» **Assigned task**
The pictures are to be left out, and all remaining data is to be transcribed exactly as it appears.

» **Source material**
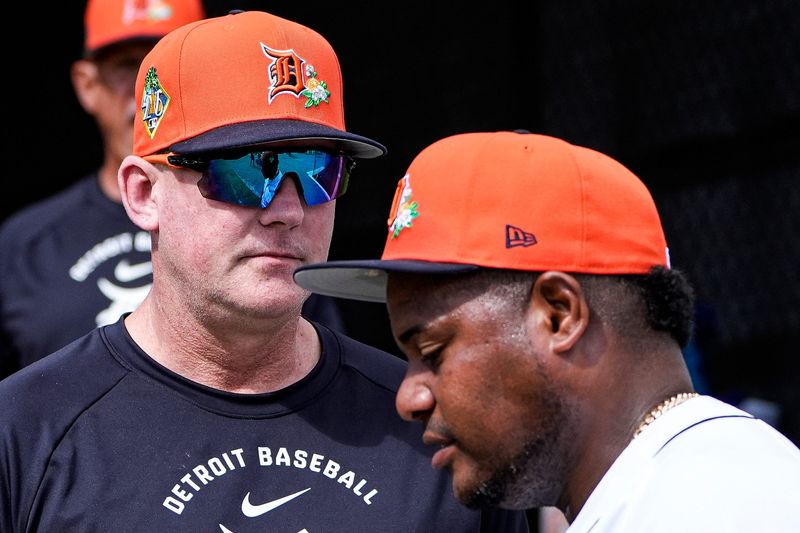 Detroit Tigers manager A.J. Hinch talks to pitcher Framber Valdez at practice during spring training at TigerTown in Lakeland, Fla. on Monday, Feb. 16, 2026.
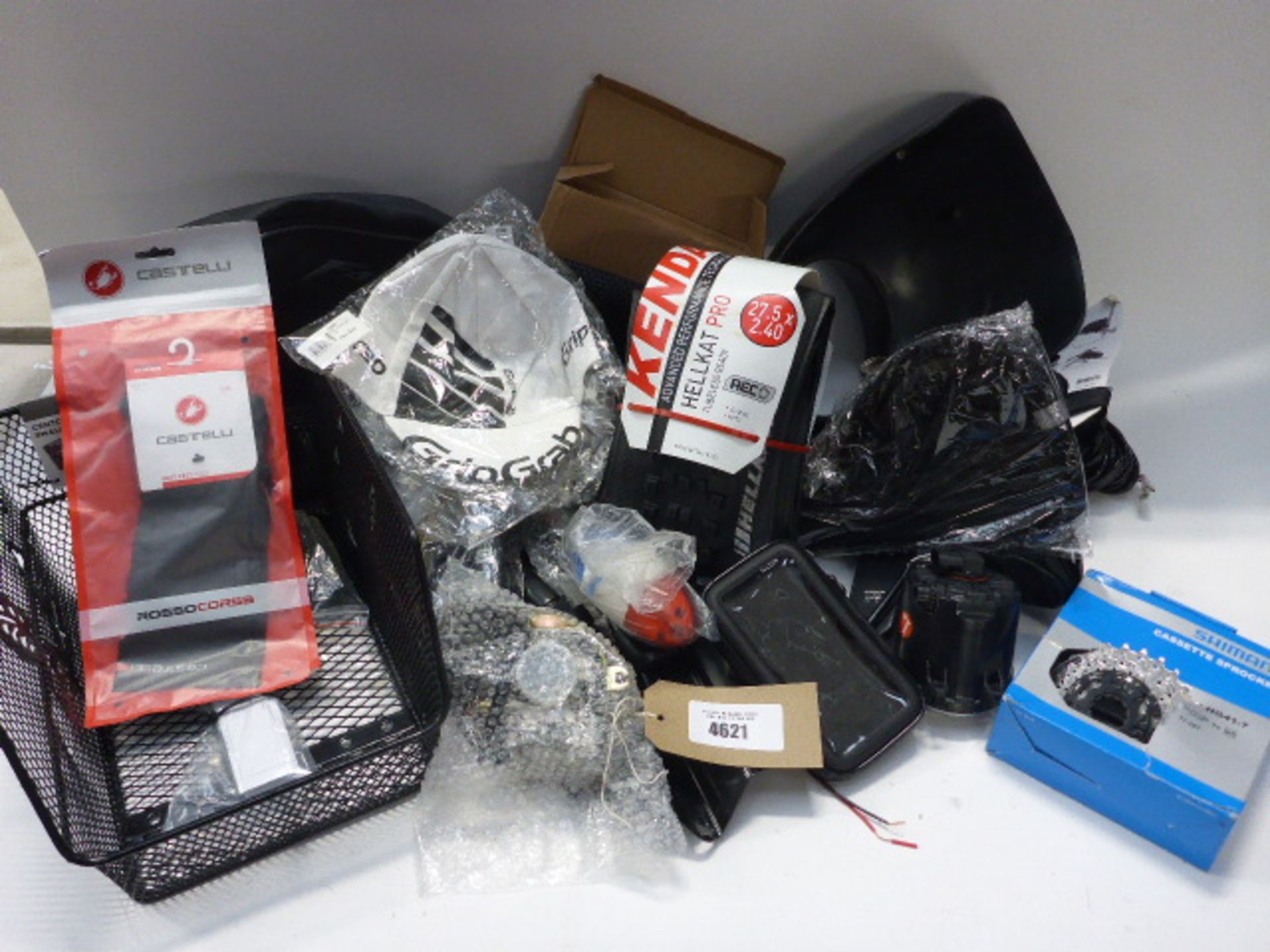 Bag containing bike and motorcycle parts, Shimano sprockets, tyres, hats, seat covers, lights etc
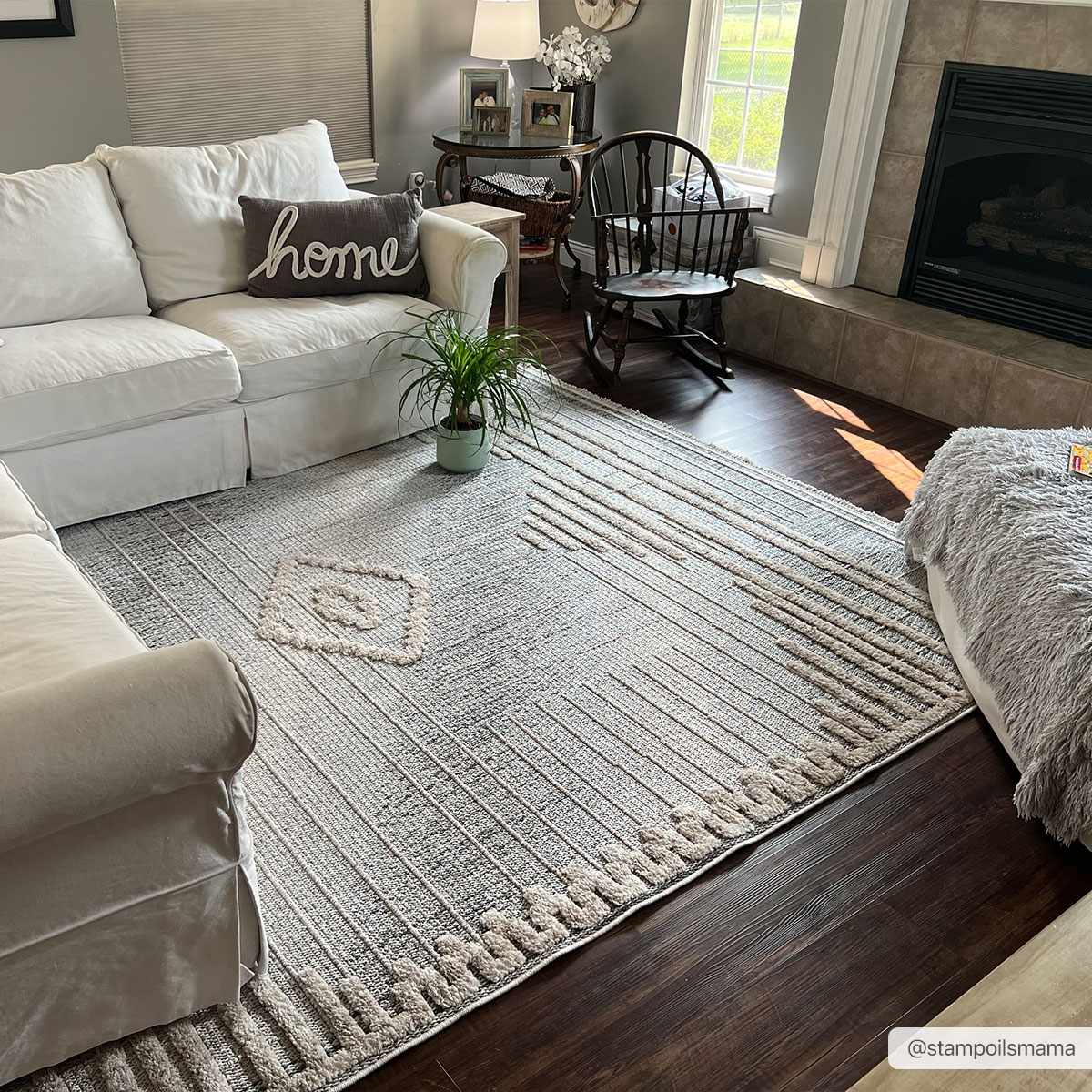Living room scene with a Calituban area rug, white sofa, dark wood floors, and a fireplace. The rug has a geometric, bohemian design. Roomscene-Rectangle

» **Your solution**
 Detroit Tigers manager A.J. Hinch talks to pitcher Framber Valdez at practice during spring training at TigerTown in Lakeland, Fla. on Monday, Feb. 16, 2026.
 Bag containing bike and motorcycle parts, Shimano sprockets, tyres, hats, seat covers, lights etc
Living room scene with a Calituban area rug, white sofa, dark wood floors, and a fireplace. The rug has a geometric, bohemian design. Roomscene-Rectangle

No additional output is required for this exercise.